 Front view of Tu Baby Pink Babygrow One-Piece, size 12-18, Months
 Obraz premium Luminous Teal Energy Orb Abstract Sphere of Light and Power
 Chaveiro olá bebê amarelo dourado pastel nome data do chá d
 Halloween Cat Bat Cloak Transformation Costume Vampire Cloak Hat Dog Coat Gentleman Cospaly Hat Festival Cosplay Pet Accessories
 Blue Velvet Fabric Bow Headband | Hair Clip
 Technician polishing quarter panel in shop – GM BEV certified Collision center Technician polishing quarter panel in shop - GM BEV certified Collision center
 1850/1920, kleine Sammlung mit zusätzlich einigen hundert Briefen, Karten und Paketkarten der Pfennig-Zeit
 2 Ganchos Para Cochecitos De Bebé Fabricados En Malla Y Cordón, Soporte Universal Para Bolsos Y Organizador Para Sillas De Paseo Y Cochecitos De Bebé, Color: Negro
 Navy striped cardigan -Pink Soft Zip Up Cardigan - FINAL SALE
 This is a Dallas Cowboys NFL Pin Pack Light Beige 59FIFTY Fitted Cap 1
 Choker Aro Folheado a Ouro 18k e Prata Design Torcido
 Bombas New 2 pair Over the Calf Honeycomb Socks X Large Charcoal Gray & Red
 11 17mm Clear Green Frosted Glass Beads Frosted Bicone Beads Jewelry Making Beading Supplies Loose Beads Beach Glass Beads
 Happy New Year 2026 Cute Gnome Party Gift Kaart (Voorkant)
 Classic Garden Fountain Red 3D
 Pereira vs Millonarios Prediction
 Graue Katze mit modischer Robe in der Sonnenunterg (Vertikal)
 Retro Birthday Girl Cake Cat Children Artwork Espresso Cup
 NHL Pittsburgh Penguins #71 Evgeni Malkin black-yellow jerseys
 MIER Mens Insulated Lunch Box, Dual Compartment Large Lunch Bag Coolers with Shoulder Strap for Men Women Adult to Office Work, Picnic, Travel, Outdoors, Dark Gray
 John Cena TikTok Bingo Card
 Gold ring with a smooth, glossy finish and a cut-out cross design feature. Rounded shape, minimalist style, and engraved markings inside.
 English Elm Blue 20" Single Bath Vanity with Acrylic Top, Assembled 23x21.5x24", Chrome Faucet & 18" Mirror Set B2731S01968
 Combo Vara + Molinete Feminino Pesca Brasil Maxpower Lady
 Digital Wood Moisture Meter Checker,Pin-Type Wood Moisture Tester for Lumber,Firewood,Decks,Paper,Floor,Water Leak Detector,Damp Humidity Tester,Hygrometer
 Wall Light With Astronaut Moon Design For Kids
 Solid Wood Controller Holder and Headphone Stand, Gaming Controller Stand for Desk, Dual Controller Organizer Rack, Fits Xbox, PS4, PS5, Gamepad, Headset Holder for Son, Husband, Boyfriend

## TASK REQUIREMENTS
Give again exactly, and only, the lines above starting at the one with "Blue Velvet Fabric Bow Headband | Hair Clip" and ending at the one with "John Cena TikTok Bingo Card".

## OUTPUT OF THE TASK
 Blue Velvet Fabric Bow Headband | Hair Clip
 Technician polishing quarter panel in shop – GM BEV certified Collision center Technician polishing quarter panel in shop - GM BEV certified Collision center
 1850/1920, kleine Sammlung mit zusätzlich einigen hundert Briefen, Karten und Paketkarten der Pfennig-Zeit
 2 Ganchos Para Cochecitos De Bebé Fabricados En Malla Y Cordón, Soporte Universal Para Bolsos Y Organizador Para Sillas De Paseo Y Cochecitos De Bebé, Color: Negro
 Navy striped cardigan -Pink Soft Zip Up Cardigan - FINAL SALE
 This is a Dallas Cowboys NFL Pin Pack Light Beige 59FIFTY Fitted Cap 1
 Choker Aro Folheado a Ouro 18k e Prata Design Torcido
 Bombas New 2 pair Over the Calf Honeycomb Socks X Large Charcoal Gray & Red
 11 17mm Clear Green Frosted Glass Beads Frosted Bicone Beads Jewelry Making Beading Supplies Loose Beads Beach Glass Beads
 Happy New Year 2026 Cute Gnome Party Gift Kaart (Voorkant)
 Classic Garden Fountain Red 3D
 Pereira vs Millonarios Prediction
 Graue Katze mit modischer Robe in der Sonnenunterg (Vertikal)
 Retro Birthday Girl Cake Cat Children Artwork Espresso Cup
 NHL Pittsburgh Penguins #71 Evgeni Malkin black-yellow jerseys
 MIER Mens Insulated Lunch Box, Dual Compartment Large Lunch Bag Coolers with Shoulder Strap for Men Women Adult to Office Work, Picnic, Travel, Outdoors, Dark Gray
 John Cena TikTok Bingo Card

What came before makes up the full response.